## Your assignment
Write the data out again exactly, with every picture removed.

## Collected data
————
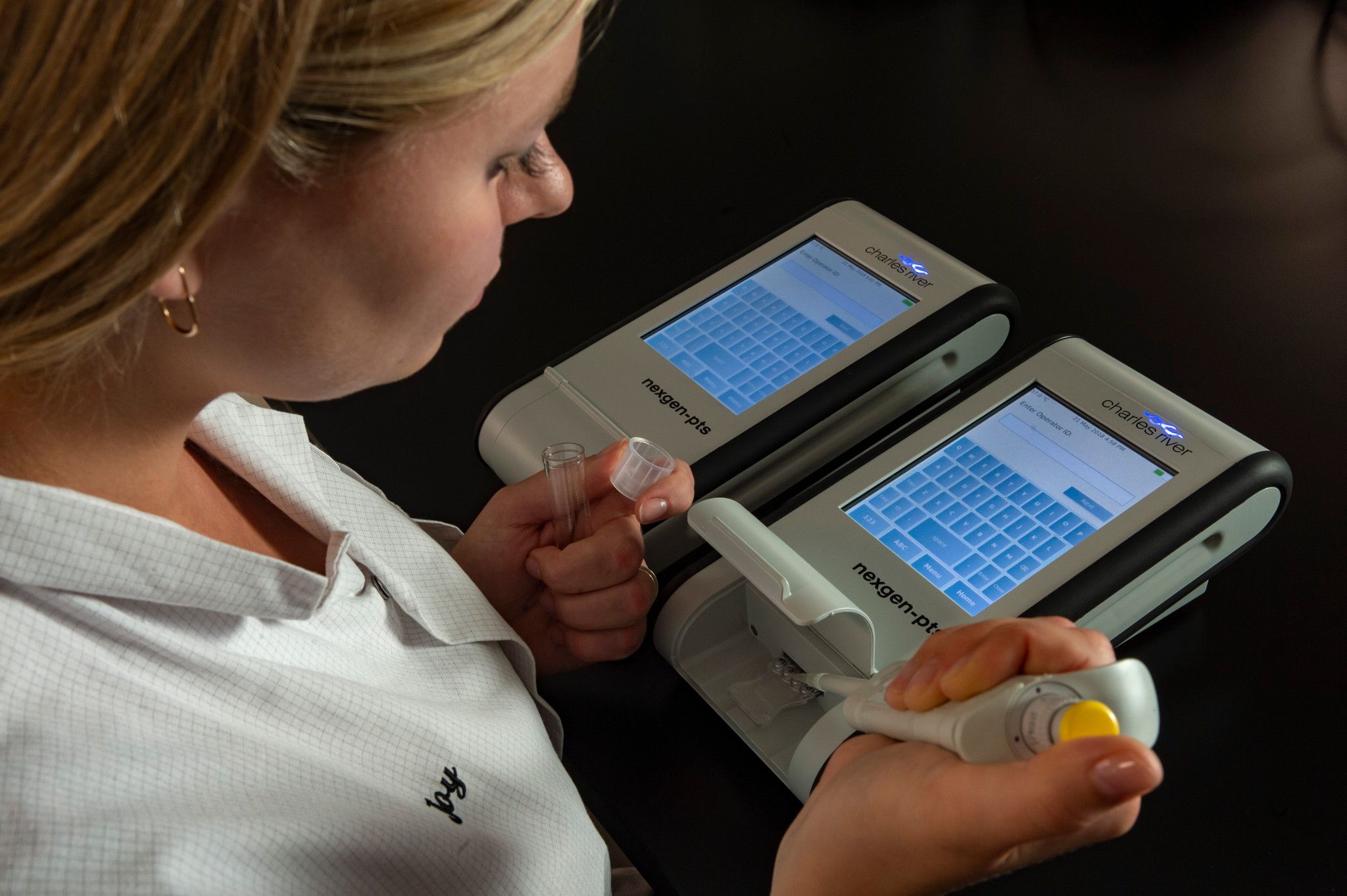 Technician performing assay for host cell proteins (HCPs) in a lab.
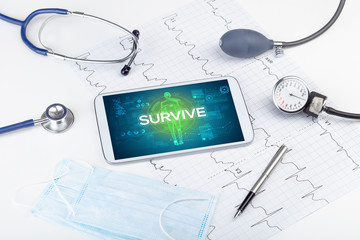 Tablet pc and doctor tools with SURVIVE inscription, coronavirus concept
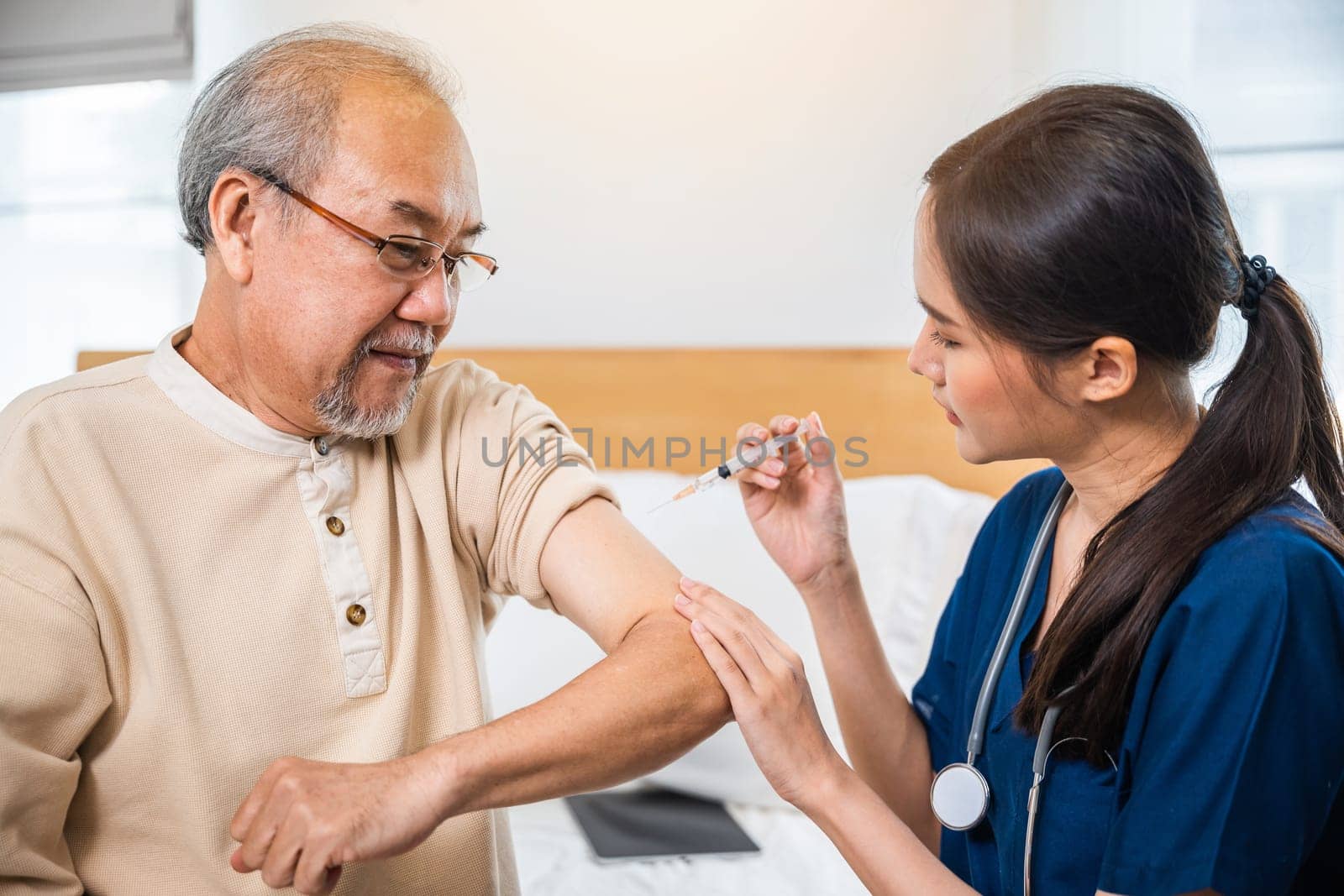 Asian elderly old man getting coronavirus vaccine with nurse, Doctor giving injection with syringe to senior man at clinic or hospital, medical and healthcare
————
## Solution to this exercise
 Technician performing assay for host cell proteins (HCPs) in a lab.
 Tablet pc and doctor tools with SURVIVE inscription, coronavirus concept
 Asian elderly old man getting coronavirus vaccine with nurse, Doctor giving injection with syringe to senior man at clinic or hospital, medical and healthcare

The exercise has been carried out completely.